I'm writing this as I'm waiting for Oracle to churn out a big new tablespace for the developers to do some testing in later this week. This exercise began, in 15-minute fits and starts and a spasm of e-mail, late last week, when the request came down the line, resurfacing Friday, when I got scheduled downtime to bounce the RDBMS early Saturday to twiddle a parameter set by the guys who set up this instance in the first place (two hours worth of Saturday morning twiddling, most of it spent waiting around for the OS to do a cold backup in case something disasterous happened), finally culminating in executing three glorious SQL commands this Monday morning. Yes, the new Mike Judge movie, "Office Space", struck a small cord in the stupidest of places, when Our Hero is watching his workstation get bogged down in I/O. Yes, it was a cliched scene, but I'm spending part of my recent time watching I/O happen. And I don't even have the benefit of a little spinning disk to tell me something is going on.
It's an uneven movie, though. Though it's far, far better than the very disappointing Beavis and Butthead movie, "Office Space" is only about as good as a good "King of the Hill" episode. The best parts are the wonderful moments that show the little frustrations of post-industrial America. Some scenes of wish fulfillment were fantastic, most notably gutting the fish (if only he used a Leatherman) and an ultraviolent, gangsta video inspired beating. Their office bulding, by the way, looked eeriely like my company's Dallas office, which I recently had to visit: acres of parking lot surrounding a large flat building. The Dallas office, however, looks a bit more run down and dimly lit than the one in the movie, at least the area where the DBAs sat.

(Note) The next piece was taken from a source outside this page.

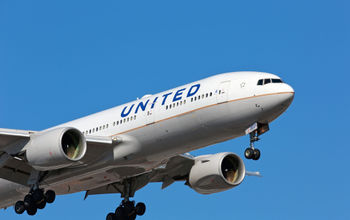 United Airlines flight arriving in Chicago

[Ah, that bit of I/O just finished. Now to FTP (a continuation of I/O by an admixture of means) a bunch of export files...]

The film loses steam towards the end, or when it gets too involved with this Superman III-style plot hatched by Our Hero and his downsized coworkers. The writing's fine edge in depicting office life is lost when it tries to move a story, a not particularly interesting one at that. This scheme, unfortunately, takes up a good part of the second half of the movie. As noted, the film is inconsistent, a better rental than anything else.

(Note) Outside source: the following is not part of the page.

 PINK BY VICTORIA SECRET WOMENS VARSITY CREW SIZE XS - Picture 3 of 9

The film also dips a toe in the more blue-collar world of food service through Our Hero's love interest, a waitress played by Jennifer Aniston. No array of indignities confront the waitress, however, only the single indignity of having to wear "flair" to spice up a drab uniform: stupid little buttons, slogans and cheesy ties and LED-enhanced ribbons to be worn as an expression of institutional creativity. The web of small indignities from, say, the customers, is wholely absent: Judge apparently wants to focus on the absurdities that descent from the managers up on high like manna. Well, that, and office equipment. [Harpers Magazine a few issues ago had Barbara Ehrenreich pose as a waitress for a month in a variety of places, a sort of limosine liberal exercise in showing the inadequacy of minimal wage. If nothing else, that article suggests that Aniston's minimum of fifteen pieces of flair is the least of worries.]

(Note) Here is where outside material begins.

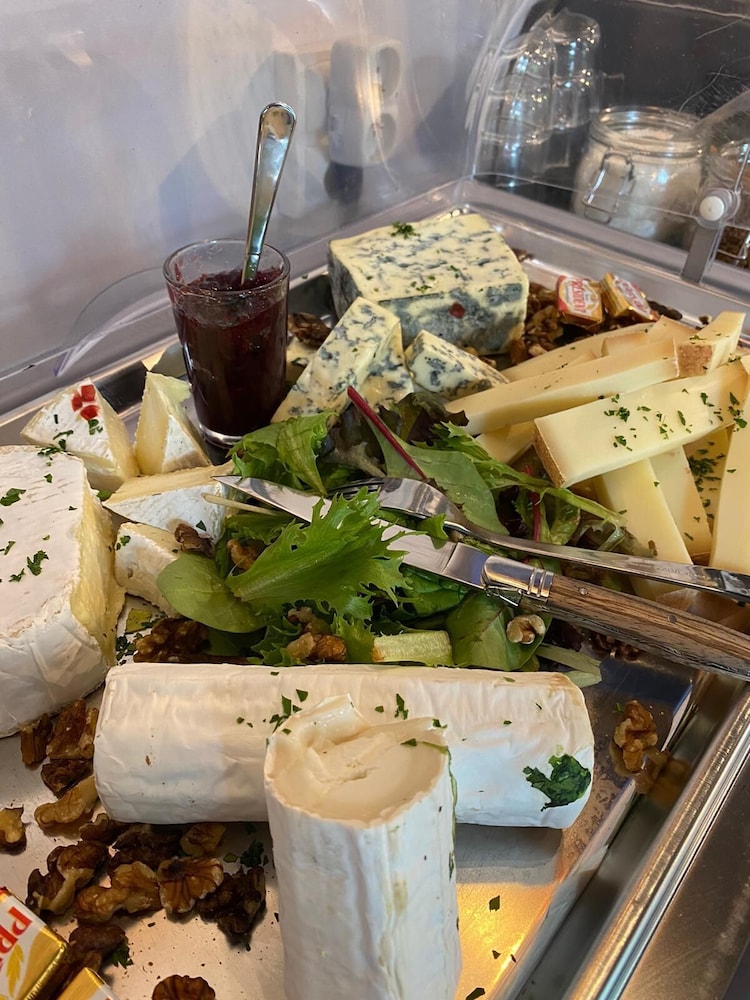 standing hotel suites by actisource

[So, the FTP is done. Now, gzip -d. Yes, I feel I'm being paid absurdly much for absurdly little.]

Our Hero, incidentally, finds joy at the end in manual labor. (Something I'm not unsymapthetic to, having noted that digging a ditch at least lives you with a ditch at the end of the day, instead of this abstraction running with the aid of metaphorical baling wire and duct tape on some computer I've never actually seen. But then, I've never dug a ditch, so I really shouldn't be glorifying the whole thing, given that I'd probably think ditch digging really, really sucks if I had to do it, despite my going to the gym nowadays.) I suppose Judge's final point is that there's dignity in labor or work, just that it's usually lost in the actions of petty managers, clueless consultants and absurd institutional rules. It's a new dialectic: the bosses and the bureaucracy are the new bourgeois, the owners of the mission statement and time card. The rest of us are the post-industrial proletariate, office workers and glorified burger flippers.